Penyembelihan kambing
Diawali
dengan penyembelihan satu ekor kambing, sebagai bentuk rasa syukur kepada Sang
pencipta sudah diberi rizki yang begitu banyak, sebagai wujud sedekah kepada
orang-orang yang membutuhkan. Jika keluarga almarhum tidak mampu untuk
menyembelihkan satu ekor kambing, biasanya diganti dengan ayam. Semampunya dan
tidak memberatkan. Jika sekalipun ayam tidak mampu, berarti mengadakan walimah
seadanya dan semampunya.
b.
Ngijing
(membangun batu nisan) dan ziarah
Acara
selanjutnya yaitu ngijing atau
membangun batu nisan sekaligus ziarah kubur yang diakhiri dengan do’a.

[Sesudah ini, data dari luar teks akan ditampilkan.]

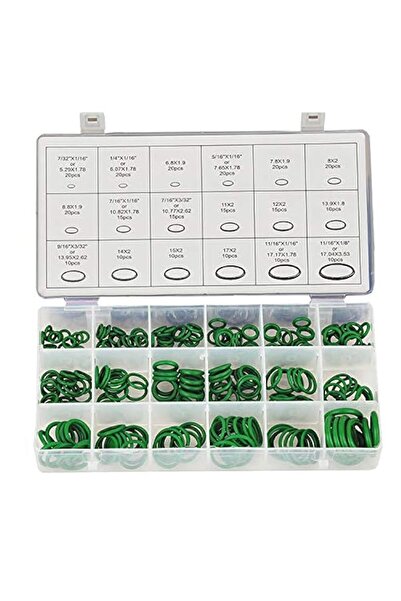 Generic Automotive AC O-Rings Kit, Rubber O Ring Kits 18 Sizes Sealing Gasket...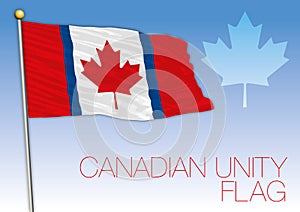 Canada, duality or unity flag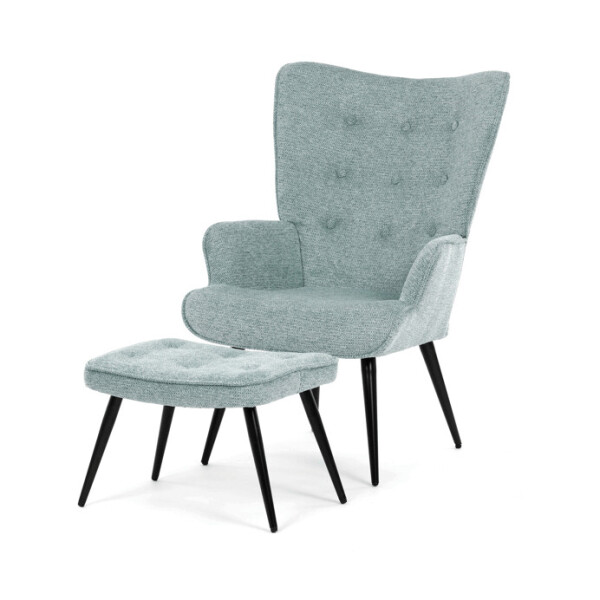 Relaxační křeslo, modrá, sametová látka, AK-303 BLUE2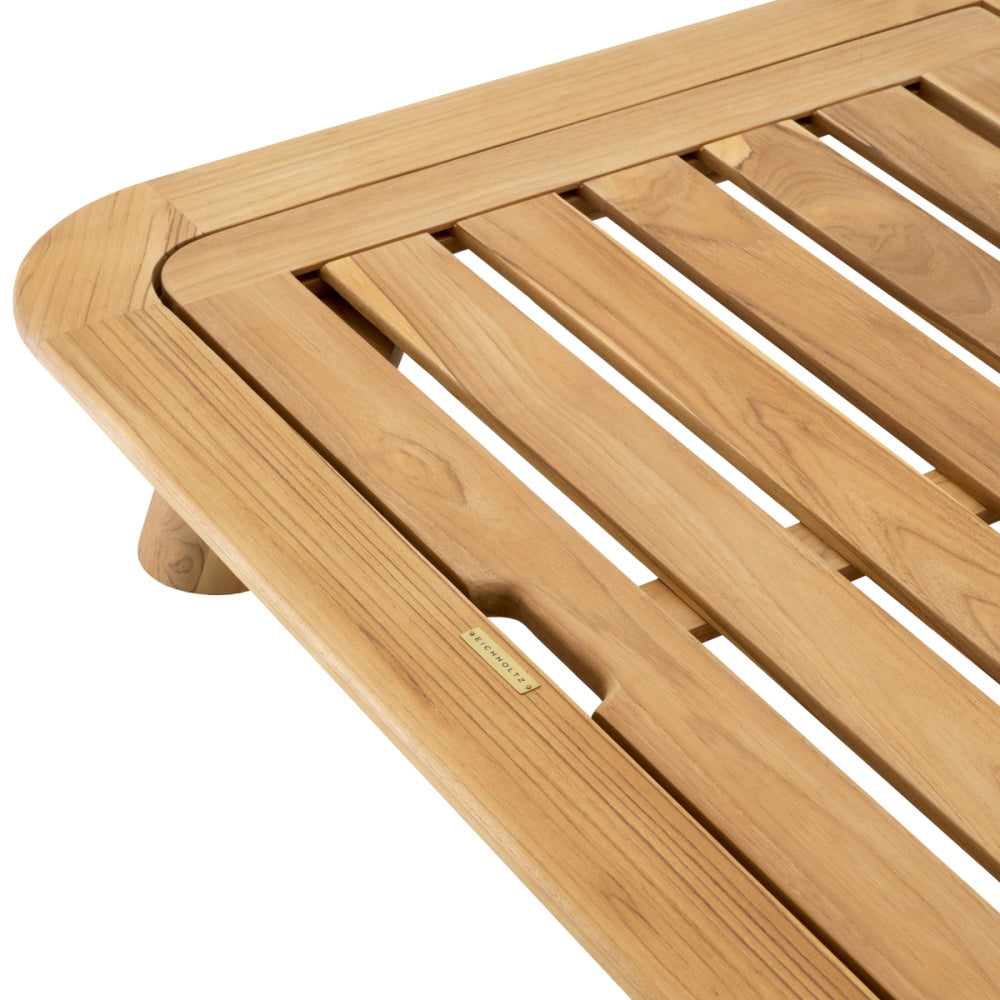 Eichholtz Weston Single Outdoor Daybed, Natural Teak, Viola Sand (119556)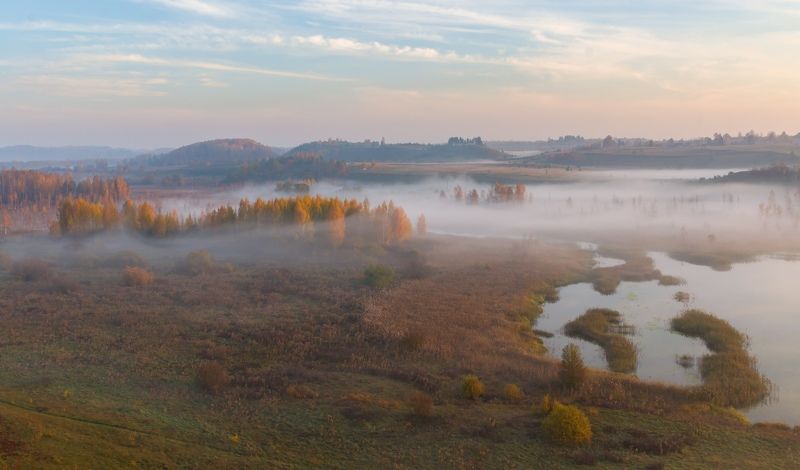 pskov, pleskau, псков, изборск, изборскомальскаядолина, псковскаяобласть, landscape, природа, nature, утро, morning, осень, autumn Изборско-Мальская долинаphoto preview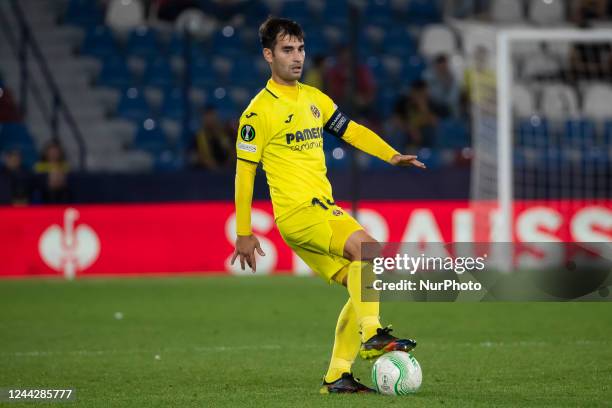 Villarreal's Manu Trigueros during UEFA Conference League between Villarreal CF and Hapoel Beer Sheva at Ciutat de Valencia Stadium on October 27,...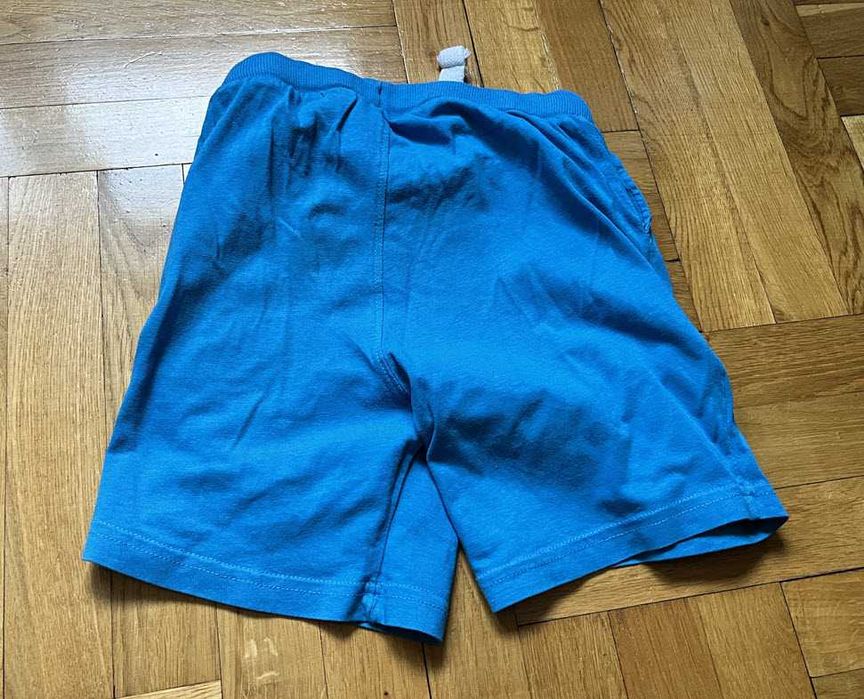 Krótkie spodenki "5" (niebieskie) - 5.10.15. - rozmiar 122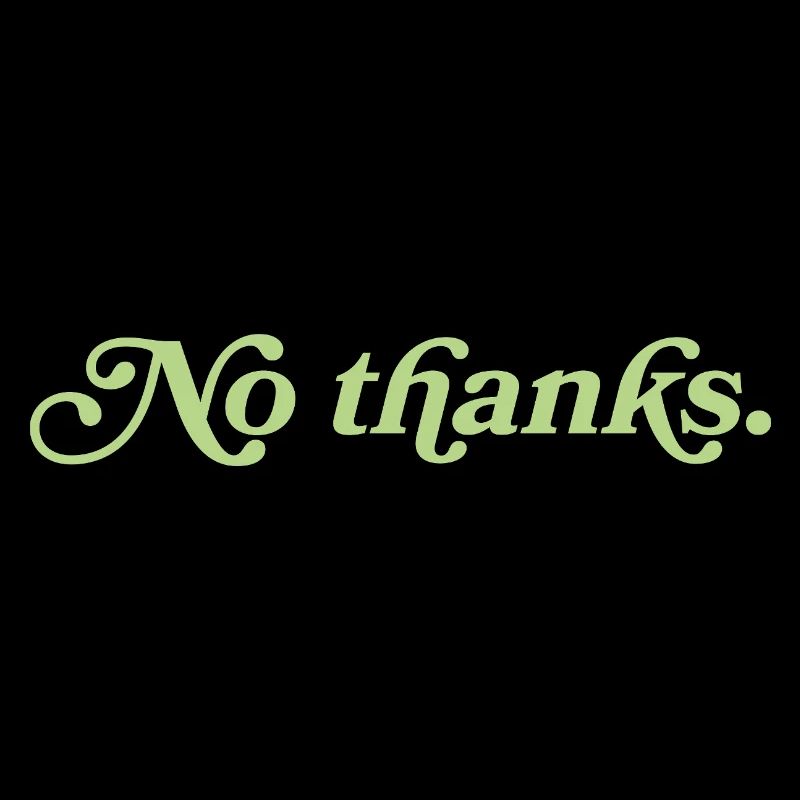 Non merci – Déclaration minimaliste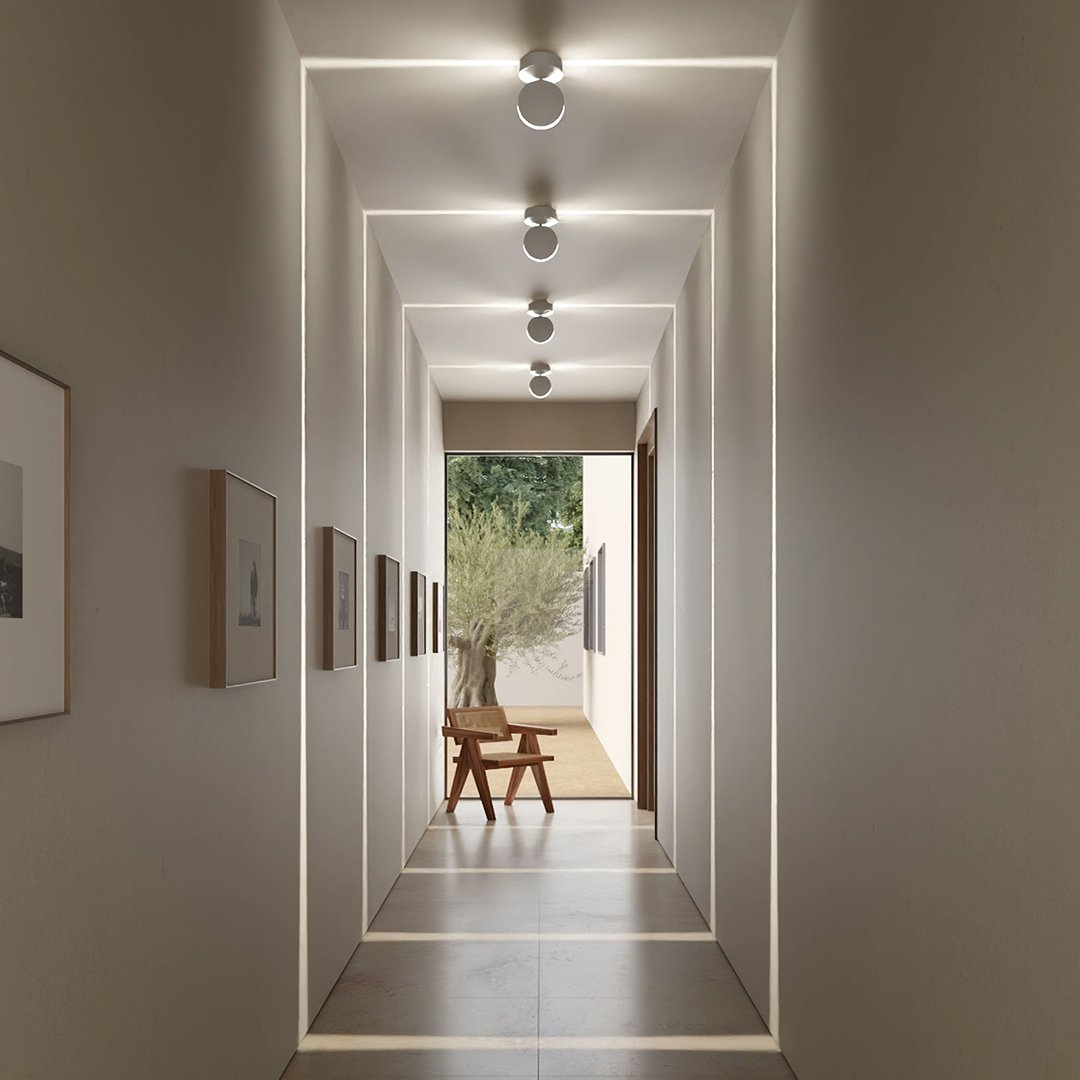 Lampa Sufitowa LED LichtOrbit 360 z Obracanym Głowicą, IP65, Nowoczesna do Wnętrz i na Zewnątrz, 3000K, 230 Lumenów 3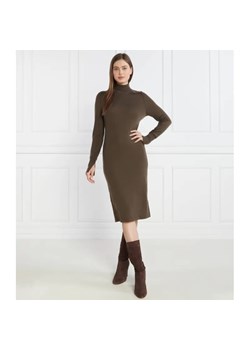 Calvin Klein Wełniana sukienka EXTRA FINE HIGH-NK ze sklepu Gomez Fashion Store w kategorii Sukienki - zdjęcie 184329608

Pamasangan batu nisan sebagai tanda bahwa makam tersebut tidak tertukar dengan
yang lainnya dan agar dengan mudah diziarahi. Ziarah sebagai wujud ingat kepada
Sang Khaliq bahwa kitapun semuanya akan mengalami kematian, mengalami dan
merasakan sakitnya dicabutnya roh, dan kembali ke tempat asalnya yaitu tanah.
Adanya
fungsi untuk mengingat keteladanan dan keberadaan pendahulunya baik dari segi
baik dan buruknya untuk dijadikan sebagai bahan renungan dan pembelajaran yang
sudah terjadi. Karena ilmu budi pekerti berkembang berawal keteladanan nenek
moyang.
c. Tahlilan
Malam
harinya setelah shalat isya’ sekitar jam 19:30-an tahlilan akan segera dimulai,
keluarga almarhum mengundang orang-orang disekitarnya untuk mengikuti tahlilan
dan yasinan. Setelah yasinan dan tahlilan selesai diakhiri dengan do’a dan
setelah itu makan-makan bersama, kemudian para tamu undangan diberi berkat
satu-satu untuk dibawa pulang. Biasanya berkat berisi nasi, mie bihun, telur,
daging ayam, daging kambing, kentang, dan lain sebagainya seperti sesajen.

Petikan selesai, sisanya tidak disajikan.